Head of Saudi religious police denies corruption
Abdulatif al-Sheikh says he would resign if there is one case of financial corruption
The head of Saudi Arabia’s religious police Sheikh Abdulatif al-Sheikh has dismissed reports of financial corruption within the institution, a Saudi daily said on Friday.
Dubbing the reports as rumors, al-Sheikh pledged to step down should there be “one case” that involves financial fraud, even if it amounts to one Riyal ($0.27), the Saudi daily al-Riyadh reported.
Al-Sheikh, who expressed his satisfaction over the performance of the Commission for the Promotion of Virtue and Prevention of Vice (Haia), said those who are against reforming the institution are the ones disseminating corruption rumors.
He accused former members of the police force, who were discharged earlier for their “oppressive practices,” to be the ones behind the corruption rumors, the newspaper added.
Al-Sheikh blamed the former members of seeking to “tarnish the image” of his institution after they “lost interests from which they used to benefit in the past.”
Corruption allegations
In August 2013, a source in the Saudi National Anti-Corruption Commission (known as “Nazaha”) said it received a complaint with alleged violations with the religious police.
One of the violations included a contract with a real estate firm to rent a tower on Riyadh’s King Fahd Road, the Saudi daily newspaper Okaz reported at the time.
The contract was allegedly for SR17.8 million ($4.53 million), despite that the same building was previously approved for rental to the Ministry of Housing for SR15 million ($4 million).

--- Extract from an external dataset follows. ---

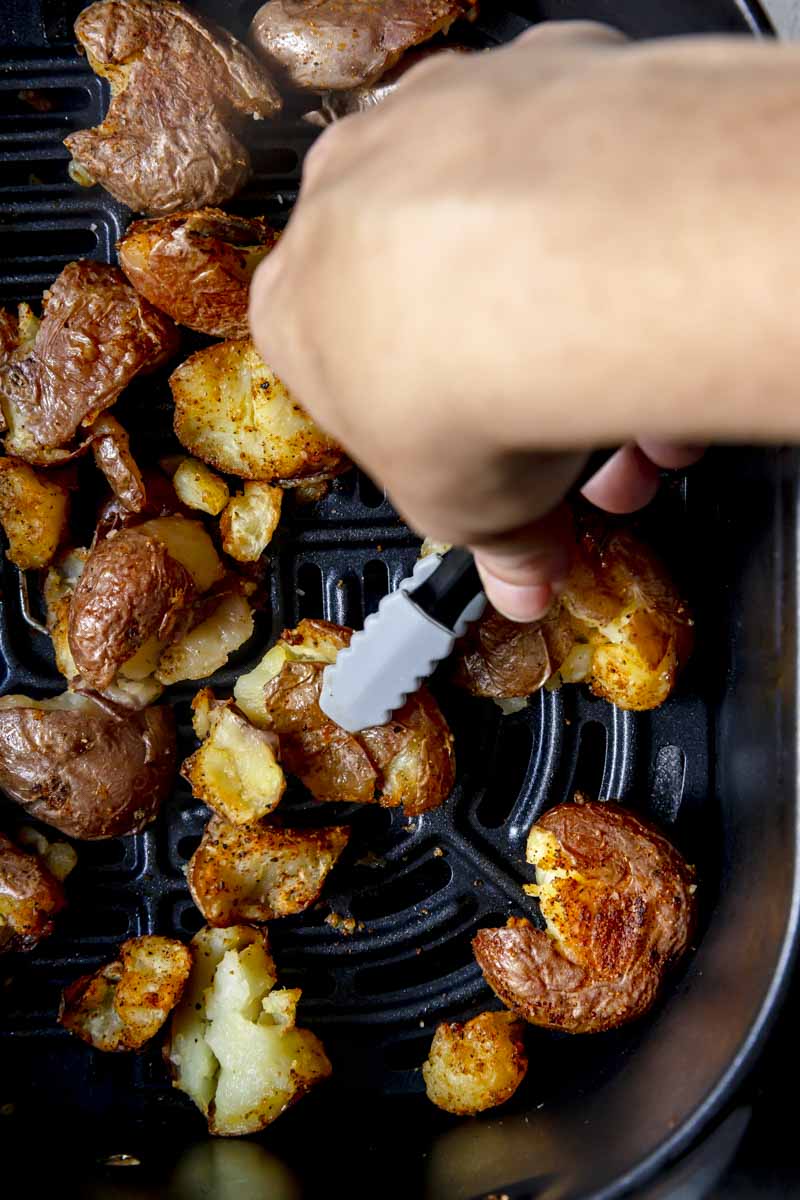 Flipping the red potatoes over in the air fryer halfway through cooking.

The complaint also included a claim that an official from the commission received a SR800,000 ($213,000) loan, of which SR400,000 ($106,000) was allocated for the opening of an “intellectual security” training program.
The commission spokesman, Turki Al-Shaleel, rejected the allegations as baseless and part of attempts to smear the religious authority, according to local daily, Okaz.
Shaleel said the general secretariat of the commission reserves the right to prosecute parties that spread wrongful reports about it.
The head of the Saudi religious police, Sheikh Abdel Latif al-Sheikh, at the governmental ranking of minister, reports directly to King Abdullah bin Abdul Aziz.
In a special interview with Al Arabiya News Channel aired on December last year, the head of the religious police, which is comprised of 6,000 members, said he was seeking a moderate approach to enforce the Shariah code in public.
“We are neither extremists nor too lenient. We follow the course of the Prophet Mohammad and we don’t seek to be repressive or brutal because this is not part of Islamic Shariah,” he said.
Al-Sheikh had said in February that there were “extremists” within the Commission.
He labeled them as “advocates of sedition” and vowed to eliminate them. “There are advocates of sedition within the Haia, and we will deal with them in accordance with the law and regulations. We will eliminate whoever urges sedition in this country,” he warned.